(Scraped caption text data)
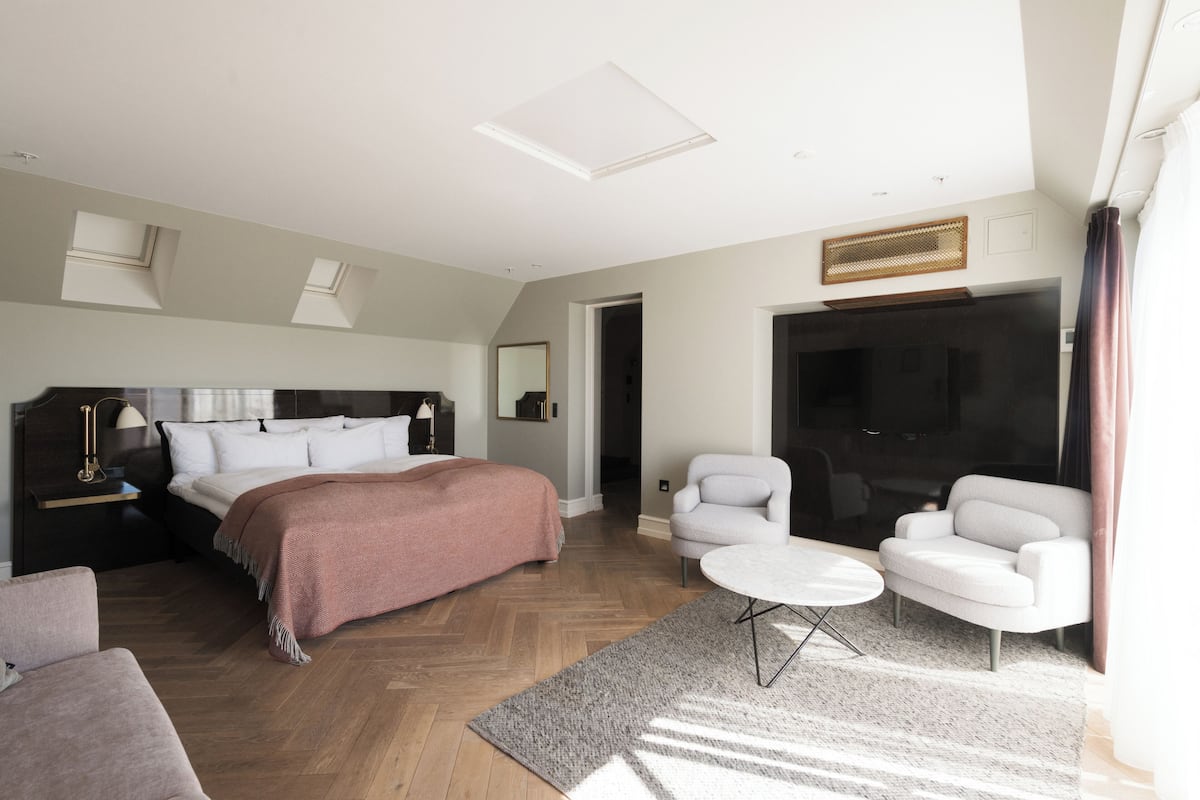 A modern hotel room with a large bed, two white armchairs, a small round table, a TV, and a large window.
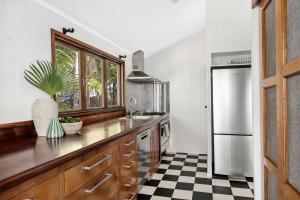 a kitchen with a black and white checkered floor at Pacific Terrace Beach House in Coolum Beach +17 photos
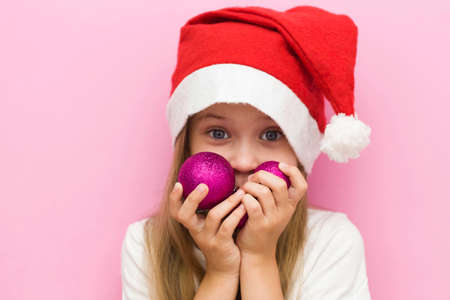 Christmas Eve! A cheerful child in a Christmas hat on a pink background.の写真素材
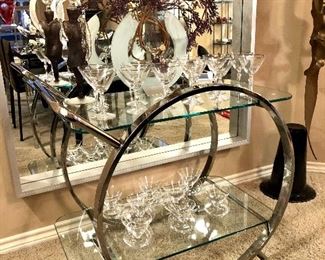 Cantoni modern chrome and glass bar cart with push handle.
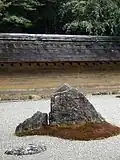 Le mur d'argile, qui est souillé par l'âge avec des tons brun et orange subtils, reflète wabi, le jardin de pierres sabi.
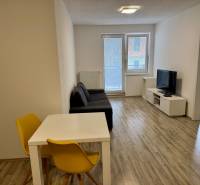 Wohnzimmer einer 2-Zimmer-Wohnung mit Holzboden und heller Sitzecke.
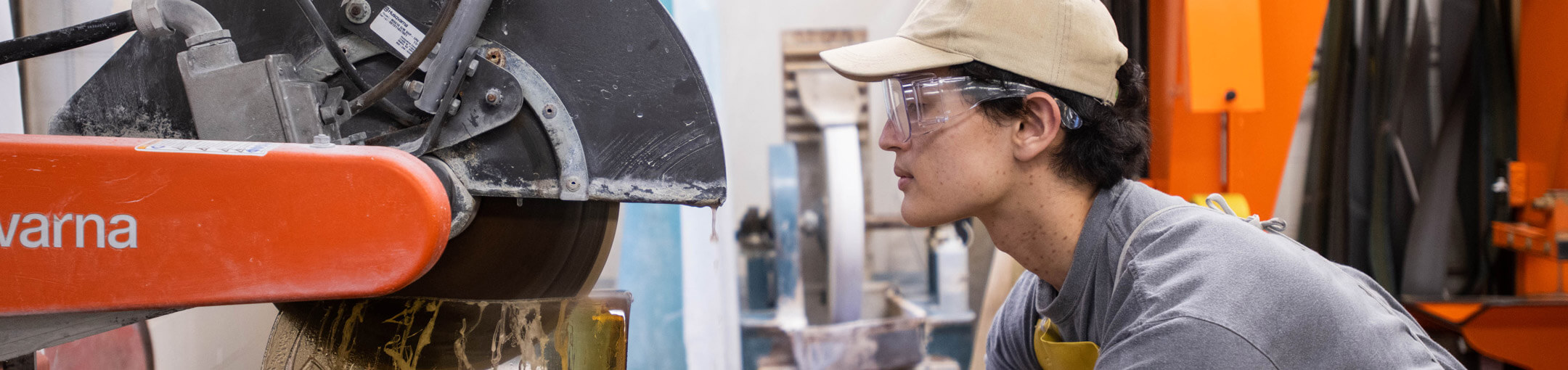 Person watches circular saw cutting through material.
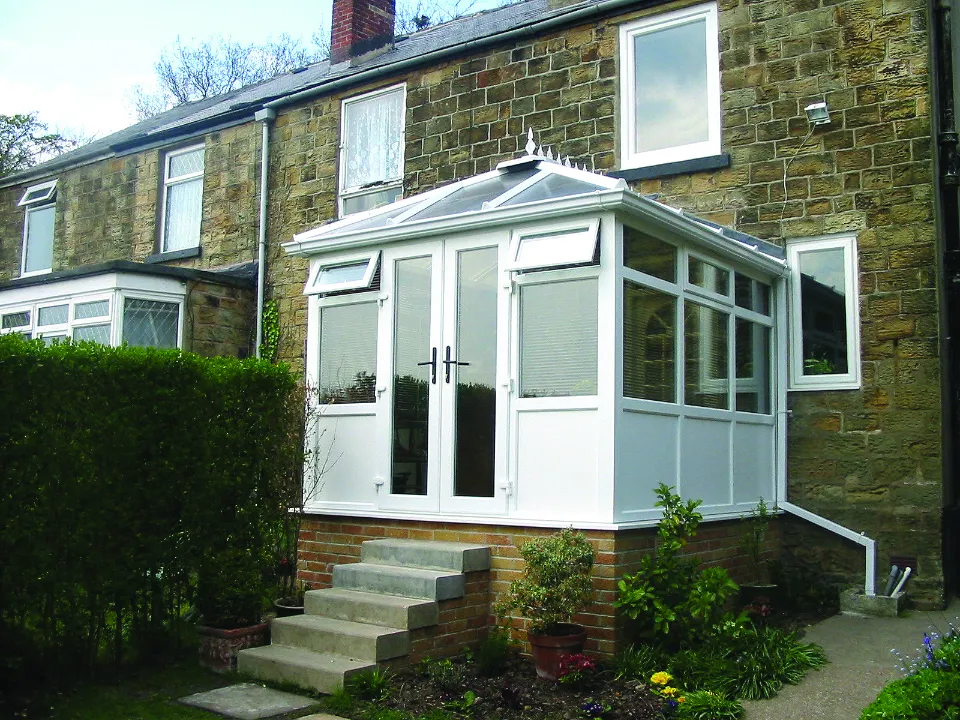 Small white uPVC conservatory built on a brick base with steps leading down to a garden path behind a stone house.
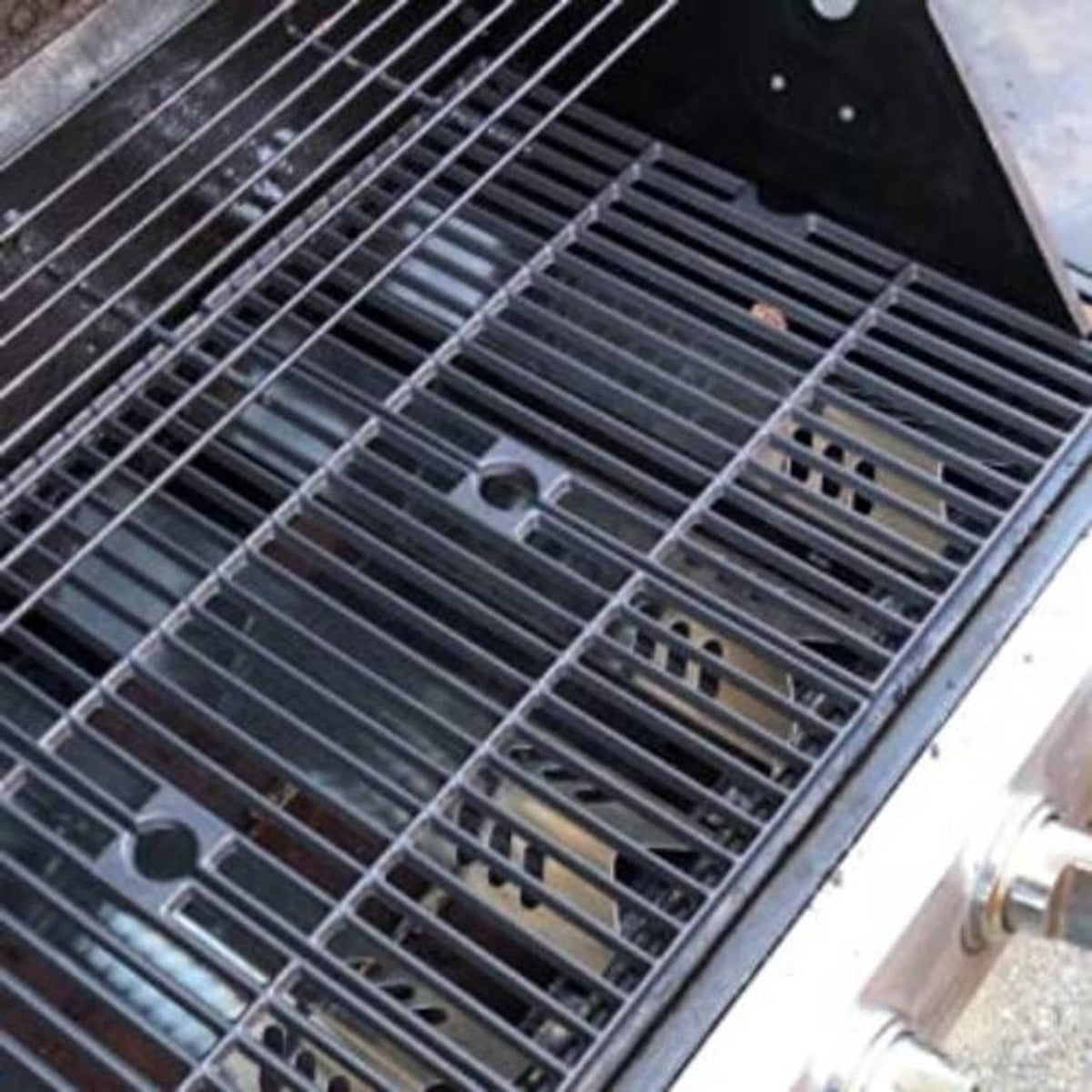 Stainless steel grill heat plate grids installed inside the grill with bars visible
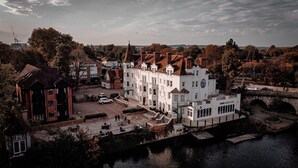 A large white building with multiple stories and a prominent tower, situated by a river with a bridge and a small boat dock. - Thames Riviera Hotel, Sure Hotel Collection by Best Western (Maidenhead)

Your instructions: Your answer must be the exact lines of the records from the first one through the line containing "Stainless steel grill", with no pictures in it.

Exercise output:
 A modern hotel room with a large bed, two white armchairs, a small round table, a TV, and a large window.
 a kitchen with a black and white checkered floor at Pacific Terrace Beach House in Coolum Beach +17 photos
 Christmas Eve! A cheerful child in a Christmas hat on a pink background.の写真素材
 Cantoni modern chrome and glass bar cart with push handle.
 Le mur d'argile, qui est souillé par l'âge avec des tons brun et orange subtils, reflète wabi, le jardin de pierres sabi.
 Wohnzimmer einer 2-Zimmer-Wohnung mit Holzboden und heller Sitzecke.
 Person watches circular saw cutting through material.
 Small white uPVC conservatory built on a brick base with steps leading down to a garden path behind a stone house.
 Stainless steel grill heat plate grids installed inside the grill with bars visible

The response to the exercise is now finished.